The first Joan Ryan is the wife of former Cleveland Browns quarterback Frank Ryan. A passage:
Now, the press box, when I was first started writing in the ’60s, women weren’t allowed in the press box. The press box is an important place to be able to go into because that’s where they rattled off on the loud speaker system whose 178th time that so-and-so did this, the sort of statistic that nobody would ever expect a lowly sportswriter to have at their fingertips. So it’s much more important to have access to those sorts of statistics.
I don’t know why they didn’t allow women in the press box, but I remember I was at Cleveland stadium and I had arranged to write about the cameras that they had. It was the very beginning of slow motion and reverse, where they would show the progress of the football play and then they could reverse it and show the players going backwards. So I was writing a piece about the technical photography and sound, including the microphone placement, what have you.

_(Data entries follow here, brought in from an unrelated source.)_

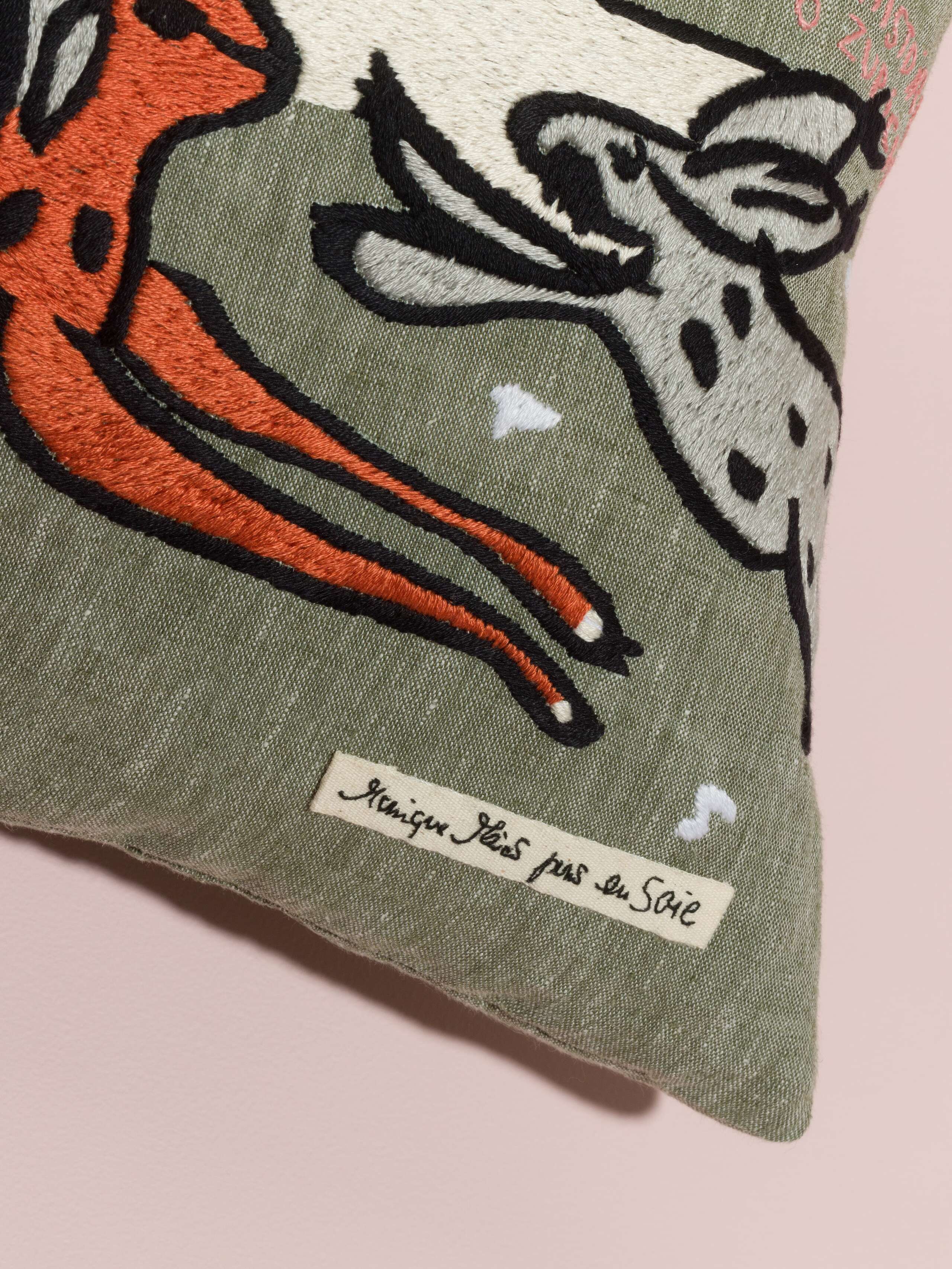L'Histoire Zurich pillow cover Forest Green linen embroidered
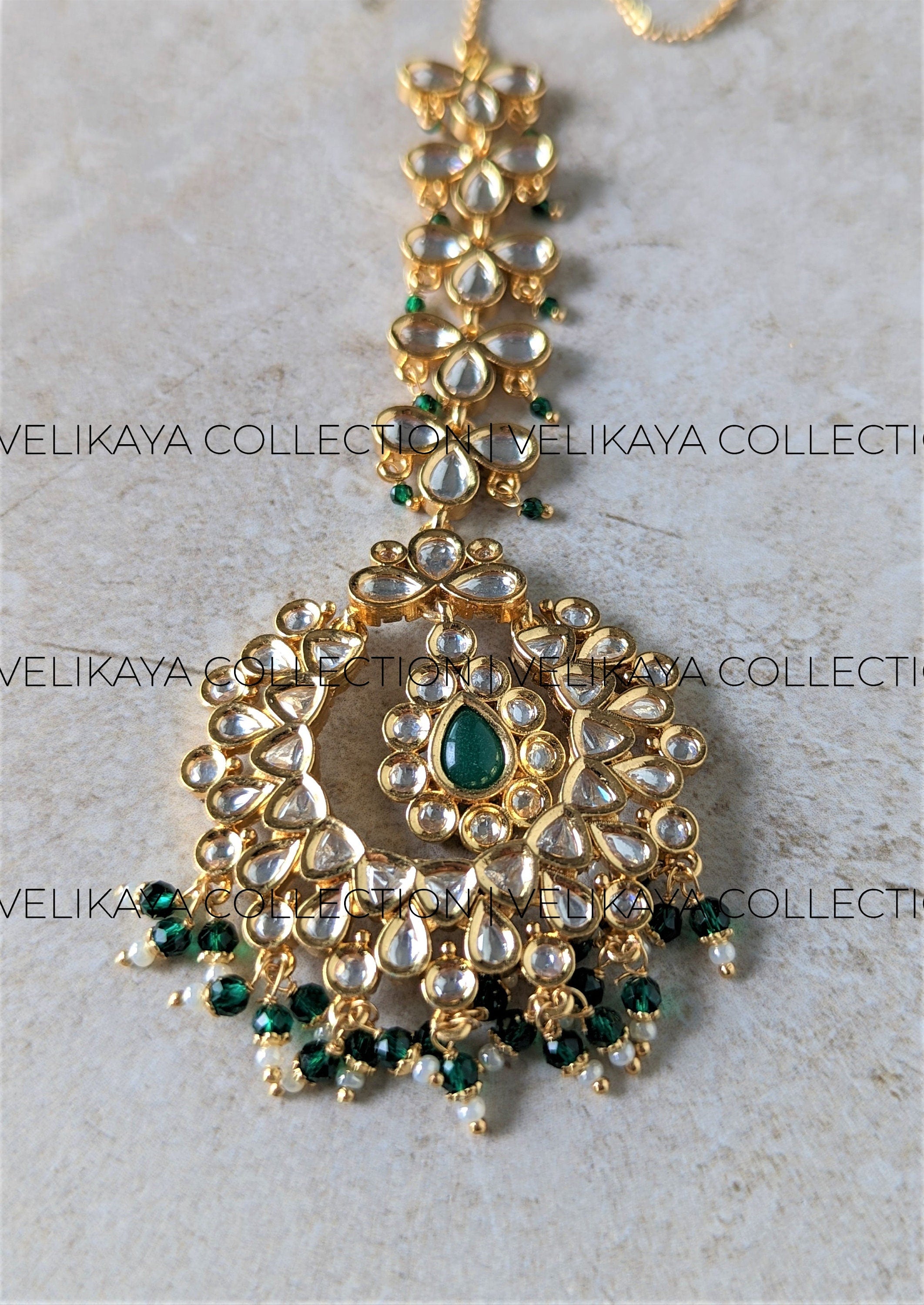 Vera Green Premium Gold Plated Kundan Tikka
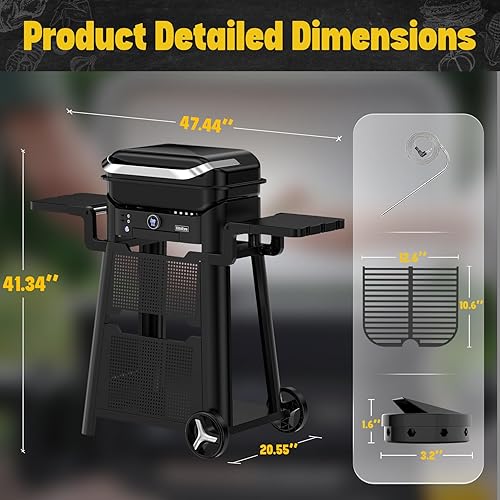 Miniatura 2 de Volteq - Parrilla eléctrica con carrito móvil, parrilla portátil de 1500 W, control de calor inteligente, sin humo, perfecta para apartamento,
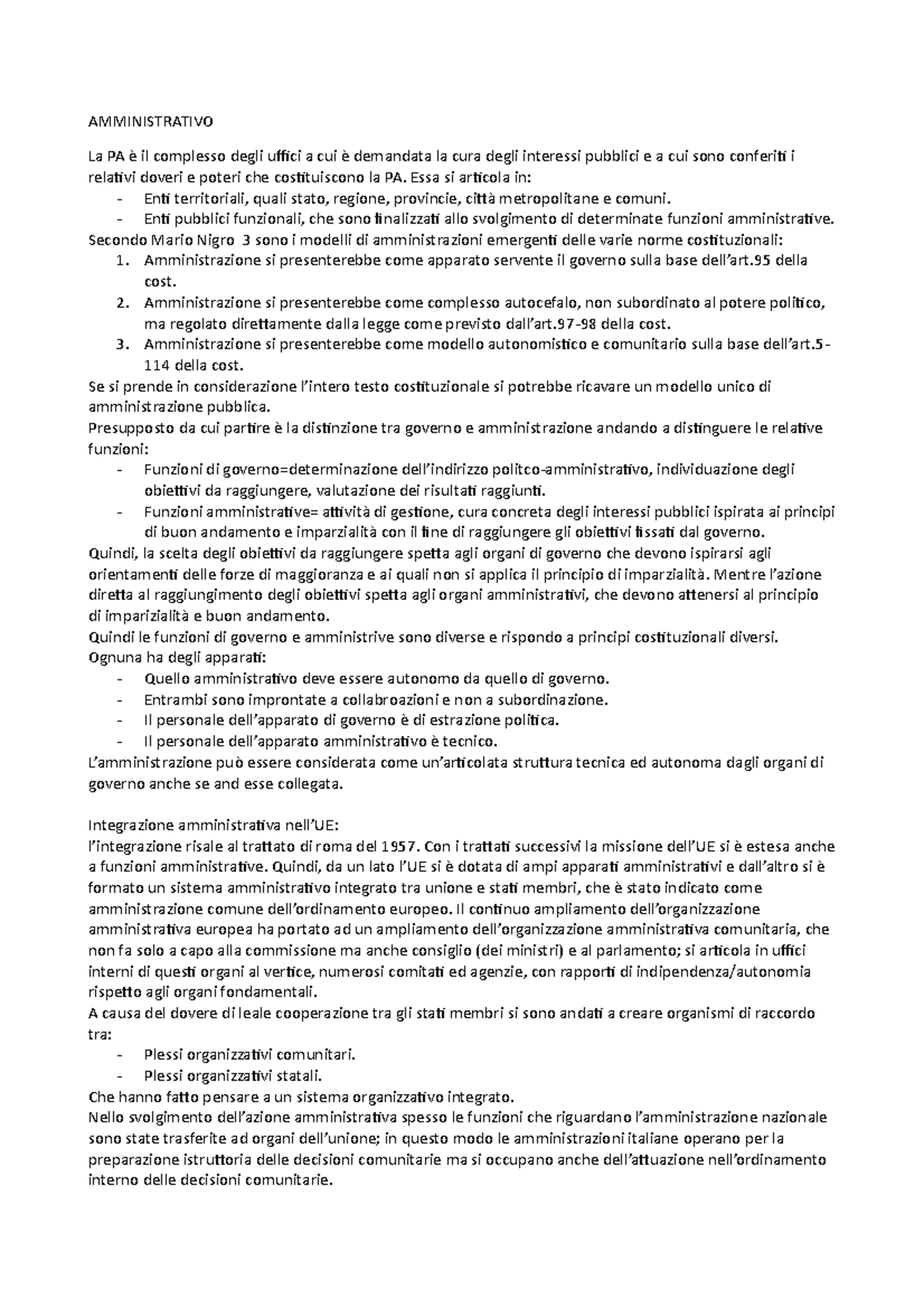 Amministrativo prima parte AMMINISTRATIVO La PA è il complesso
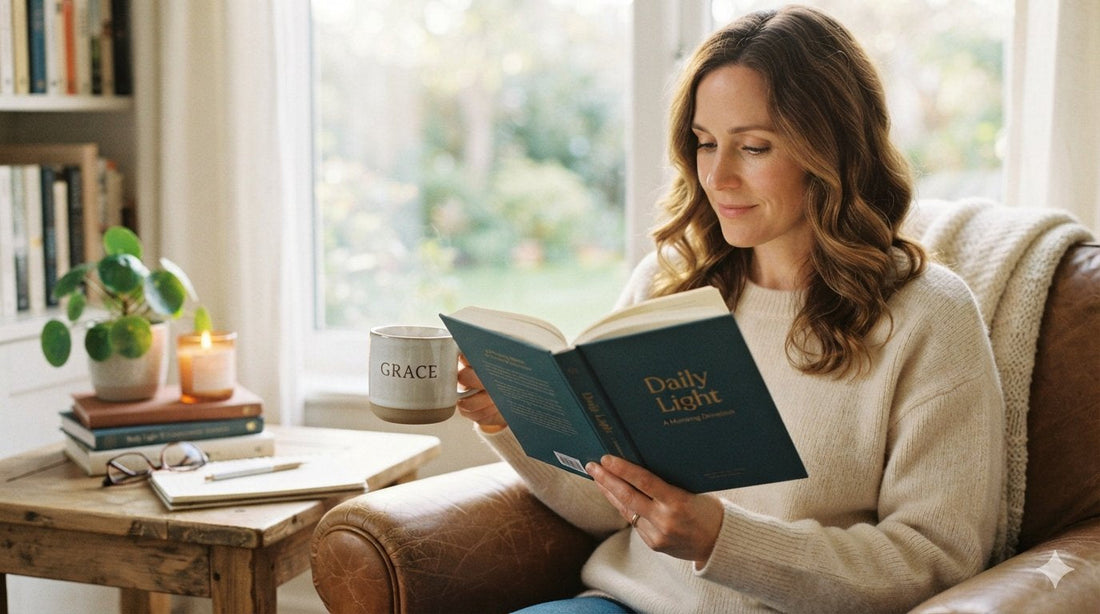 Woman reading a daily devotional with coffee how to build a devotional habit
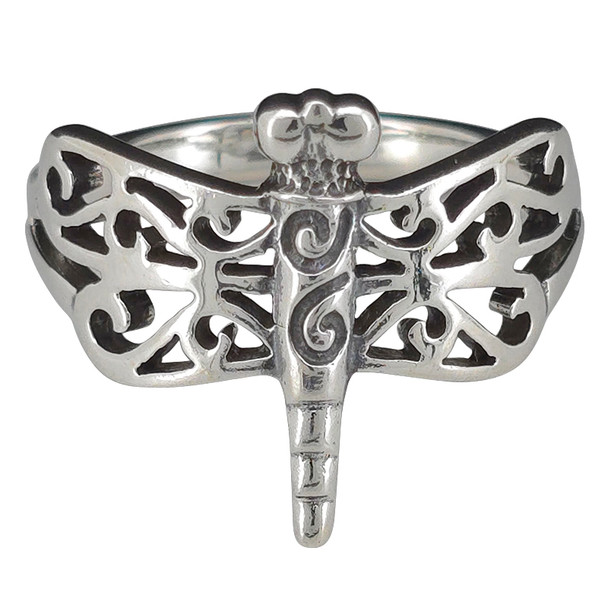 Filigree Dragonfly Sterling Silver Ring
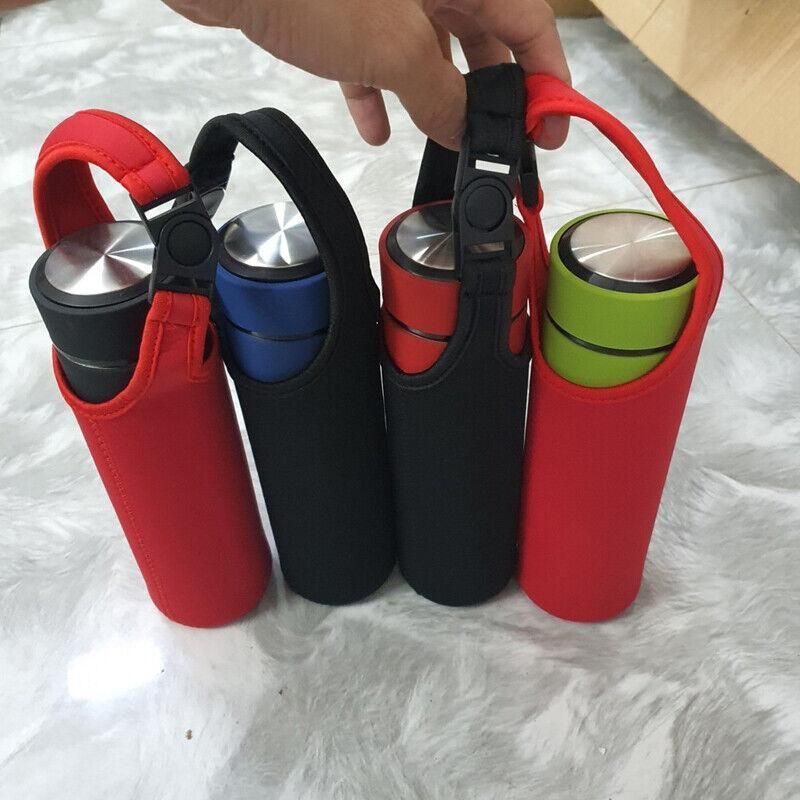 450ml Neoprene Water Bottle Holder Bag Insulated Cover Carrier with Strap - Blue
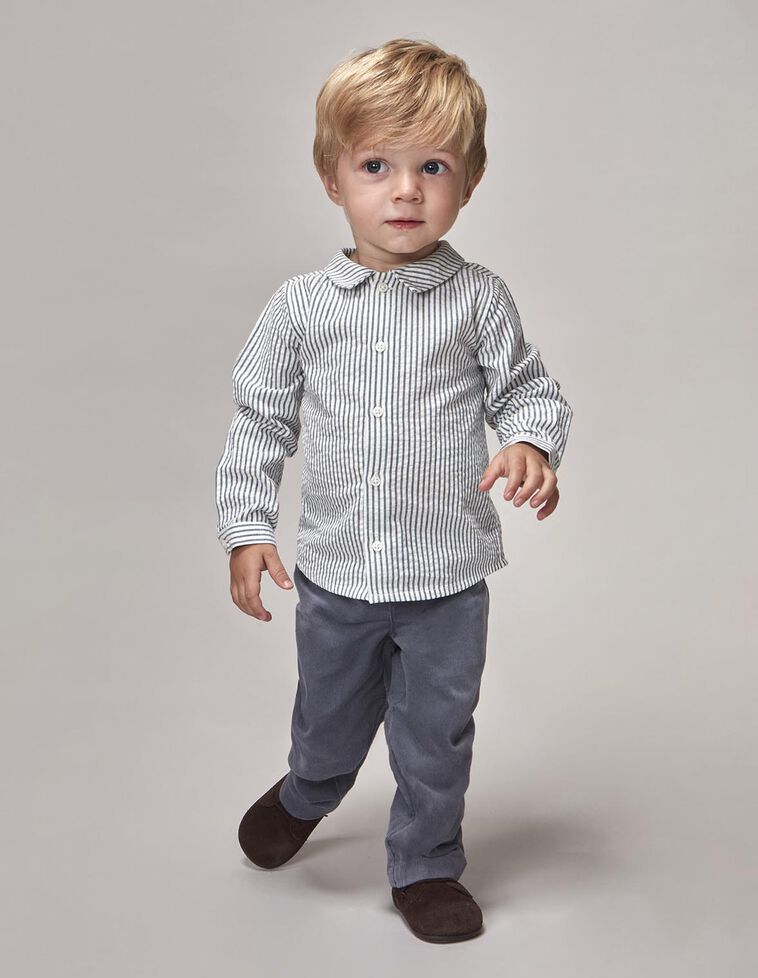 Chemise à rayures bleu clair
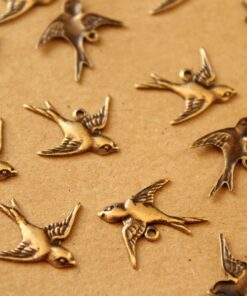 5 pc. Antiqued Brass Plated 1 Loop Bird Charm Facing Right - made in USA | AB-041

I remember the CBS people had to walk through the press box to get to the roof of the Cleveland stadium where some of their equipment was, so they had to lead me through the press box. One had a manila envelope in his hand and he put it up over my face like there might be something going on that he didn’t want me to see. I did think that was really silly and I think I managed to write that into the piece.
The other Joan Ryan, a columnist in Orlando and San Francisco. A passage:
I don’t know if I had been in a locker room before. Maybe I had been in Tampa Bay’s or the Miami Dolphins’. But it was one of the first times I’ve been in a locker room. I went down there and pushed open the door, and I’ve been in a lot of those old stadiums and ballparks. You walk in onto this path. On one side are the lockers and on the other side are the bathroom and the showers.
So the guys are just walking back and forth across your path as you walk in. It took a couple of seconds for them to register that I had walked in and then there was just this pandemonium, like “Oh my God!”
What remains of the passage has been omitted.